Tuesday, September 28, 2010

Wordless Wednesday: Poise

There is no security on this earth, there is only opportunity.
(General Douglas MacArthur)


crane aerlie

This stealthy hunter seemed not to notice me and Dell when we came upon him at Airlie Gardens in Wilmington, North Carolina, in August. I was actually focused on the moss draping itself from the trees when it dawned on me there was a bird in the frame--a bird who was so unlike his northern relation down the road from home, here, that he didn't mind the sound of the camera warming up because he did not scold me. He just stood there. I guess he was hungry enough to put up with a pair of tourists.

Wordless Wednesday

Monday, September 27, 2010

My World Tuesday: Harkness Memorial State Park

harkness_memorial_state_park

buddha

boxwood harkness

no swimming


Dell and I went to Harkness Memorial State Park in New London, Connecticut, on Saturday and spent more than three hours in the formal gardens and the rock garden, around the mansion (that closed for tours on September 12 until next spring), and along the water's edge. This beautiful mansion, built in 1907, sits on 200 acres and rolls right into Long Island Sound.  It was once a working farm. Edward and Mary Harkness were philanthopists who were very generous with the money Edward had inherited from his father--a harness maker who had wisely invested in Standard Oil when that was a new idea.
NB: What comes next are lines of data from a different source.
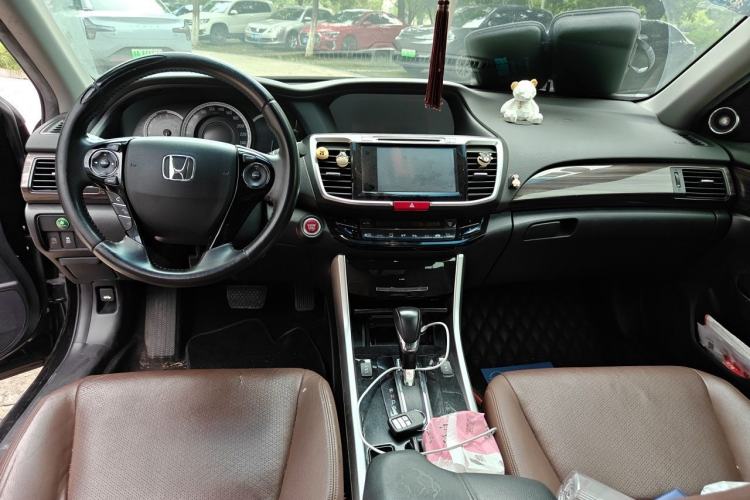 Used Honda Accord 2016 2.4L Luxury Edition Center Console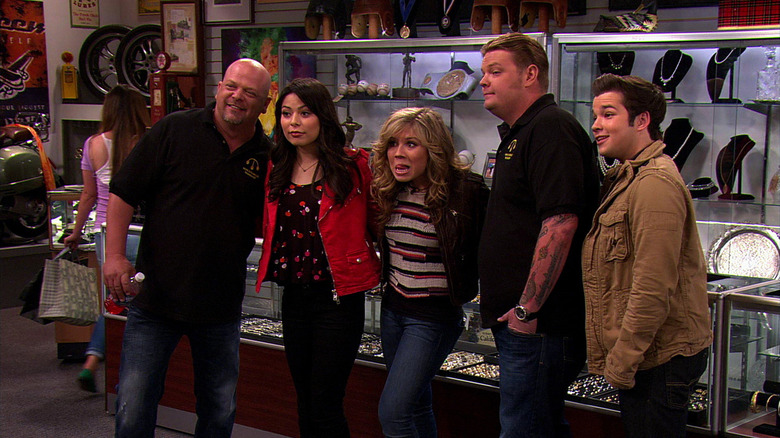 Carly, Sam, and Gibby pose for a photo with the Pawn Stars in "iCarly"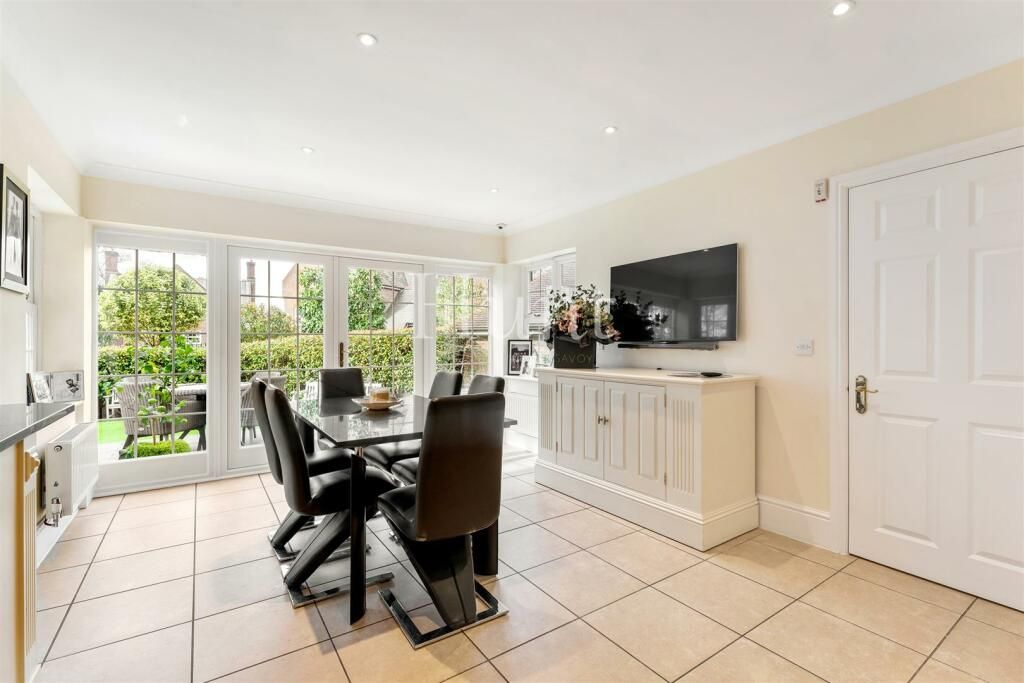 Property photo 12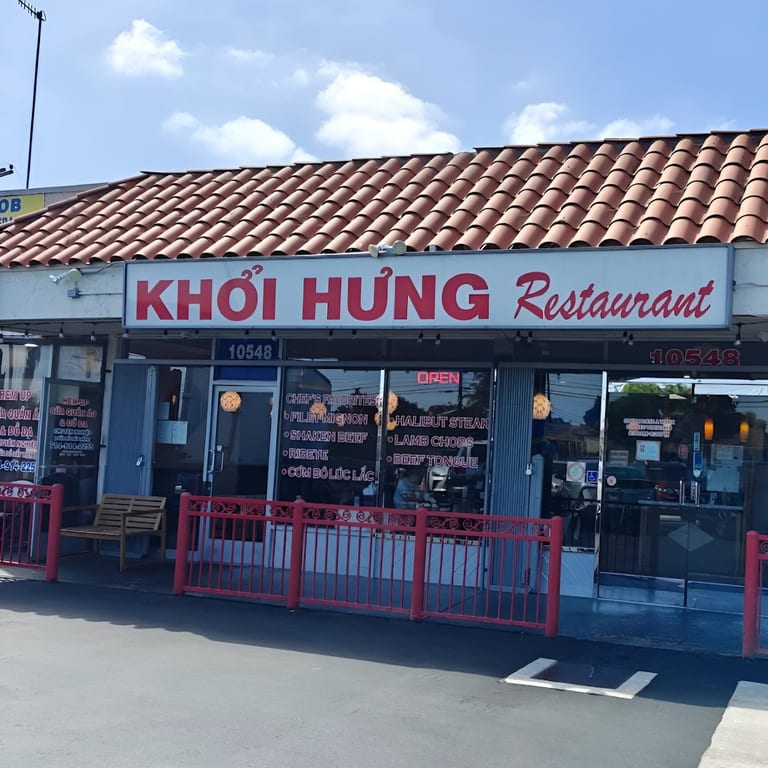Welcome to Khởi Hưng Restaurant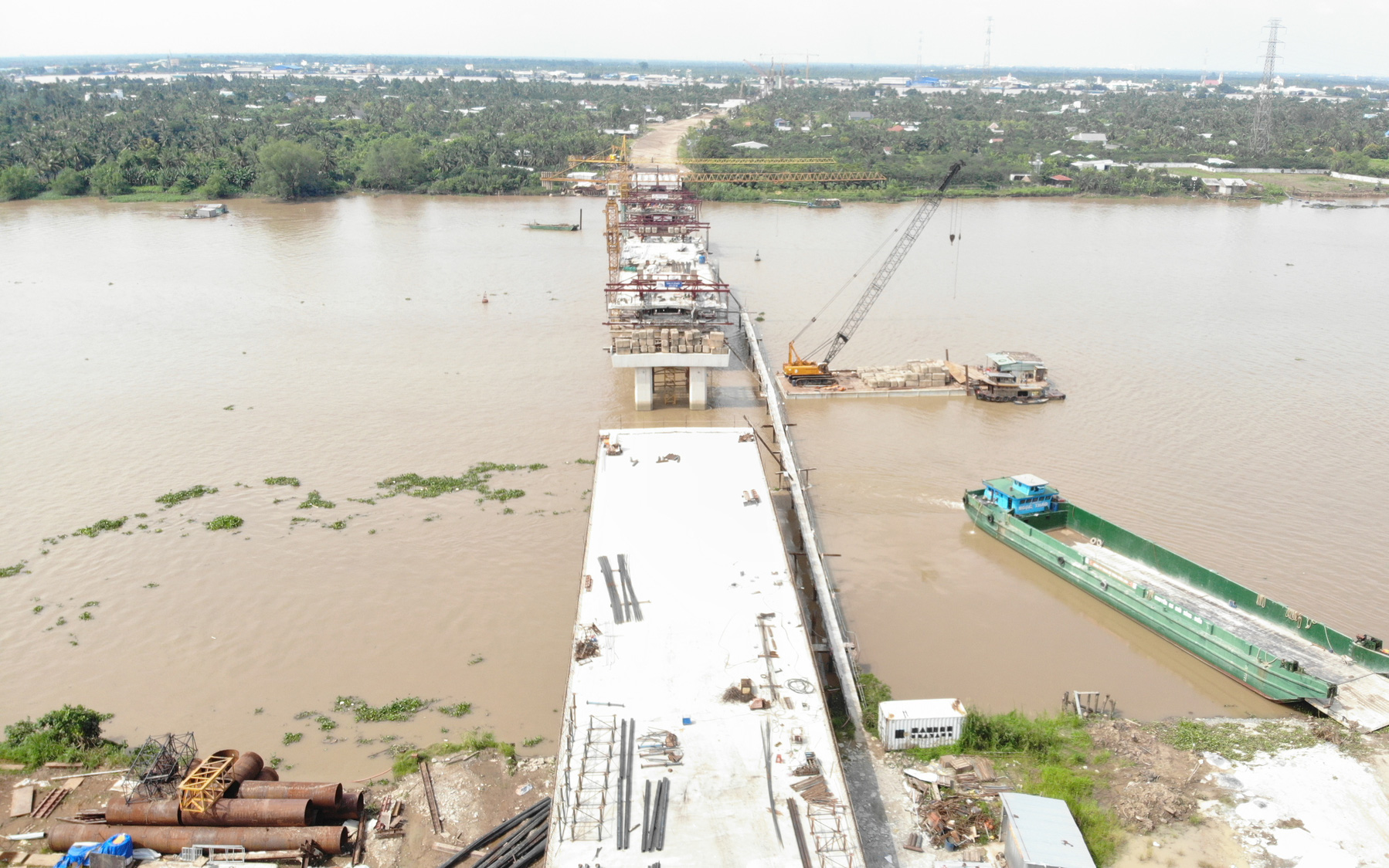 Cầu Rạch Miễu lại kẹt xe từ sáng đến trưa trong ngày đầu nghỉ lễ- Ảnh 4. Cao tốc làm chậm do thiếu cát, kiến nghị chuyển vốn sang dự án cầu Rạch Miễu 2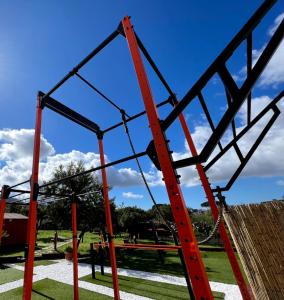 une balançoire dans un parc avec un ciel bleu dans l'établissement La Famiglia, à Pollena Trocchia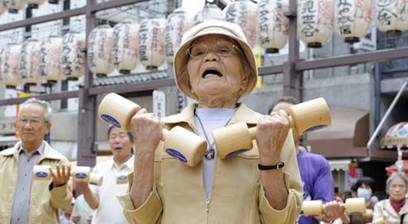 Des personnes ges clbrent le jour du respect aux ans le 21 septembre dernier dans un temple de Tokyo.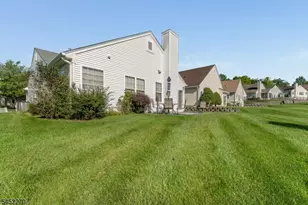 99 Kensington Cir, White Township, NJ 07823 - Photo 27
Dell and I stretched out on the lawn after lunch and watched the butterflies flitting about the cosmos, lavender, zinnias, dahlias, butterfly bushes, and countless other incredibly gorgeous flowers. Bucolic beauty, peace, quiet, and a bit of the Sound-tamed Atlantic on a breezy, sunny September day. Nothing better!


This part of Connecticut is saturated with the good stuff: Ocean Beach Park, the Submarine Force Museum, Fort Trumbull, Fort Griswold, Mystic. (More photos of Harkness are here.)

My World Tuesday

Saturday, September 25, 2010

One Single Impression: Monument

topsail island

Monument

As in memory

As in hold on

As in wait a minute.

This is important. Stop everything.
Look. At. Me.

OK I will what have you got?

You, stranger.

One day you stop and talk
One day I stop and listen

And again and again
Now and again

It is pleasant. Happy. Enough.

And that is everything
And all there is:
No history or future
Only that space in between

You feel the sun on your back.
I feel it on my face.
We hear the surf.
Feel the sand. Shift.
Grow used to morning
Amid pelicans and helicopters
And sensible babies who cry in fear
Of the enormous surf
We hear.

You and I are a part of the landscape,
And landscapes change.

The beach, though.
It will be here.
We will return.
We will walk.
We will run.

Thursday, September 23, 2010

Skywatch Friday: Up Early on North Topsail Beach

morningsteps

Last weekend, I put several hours into creating my summer photo albums on Winkflash.com (a super place for prints, albums, you name it). This was one of those tasks I put off for a few weeks because revisiting Topsail Island in thought rather than in person is up there on the Pleasures list with ripping my skin off or drinking gasoline and setting myself on fire. As I placed image after image into an album, I wondered how I left and why and, better, how not to do that again. Surely, there must be one teaching position open that this carpetbagger could fill....Anyway. Here is North Topsail Beach on one of those mornings I awoke and stepped out early. Rain came and went. The day was beautiful. Summer on the beach has a lot in common with middle school life. You learn to roll, you learn to love, you learn to let go. You learn to love the basic truth that nothing is forever. It's all so very good.

Skywatch Friday

Monday, September 20, 2010

My World Tuesday: Wings of Freedom







My daughter and I stopped at the Wings of Freedom display at the Waterbury-Oxford Airport last Saturday. There we saw some WWII-era planes and had the privilege of hearing some veterans of that war talk about their experiences. The men talked about stripping off the paint from the planes to lighten the load, fighting from the air while the planes' contrails would announce their exact location, landing with the nose straight up all the way down the runway (a no-no), and bailing. The men in the gunners' turrets would be so stiff, the other men in the plane would have to lift them from under the arms and help him straighten out his legs before jumping. The men were in uniform, proud of their service, and crystal-clear in their recollections. They told the many children there that anything is possible, and making it possible begins with going to school and listening to teachers--even when their cranky. 

My World Tuesday

Sunday, September 19, 2010

Today's Flowers: Wild and Free Just Beyond School

wildflower

wildflower

Here are a few wildflowers that were sunning themselves in Waterbury on Friday afternoon, which was a sunny, gorgeous almost-really-autumn day.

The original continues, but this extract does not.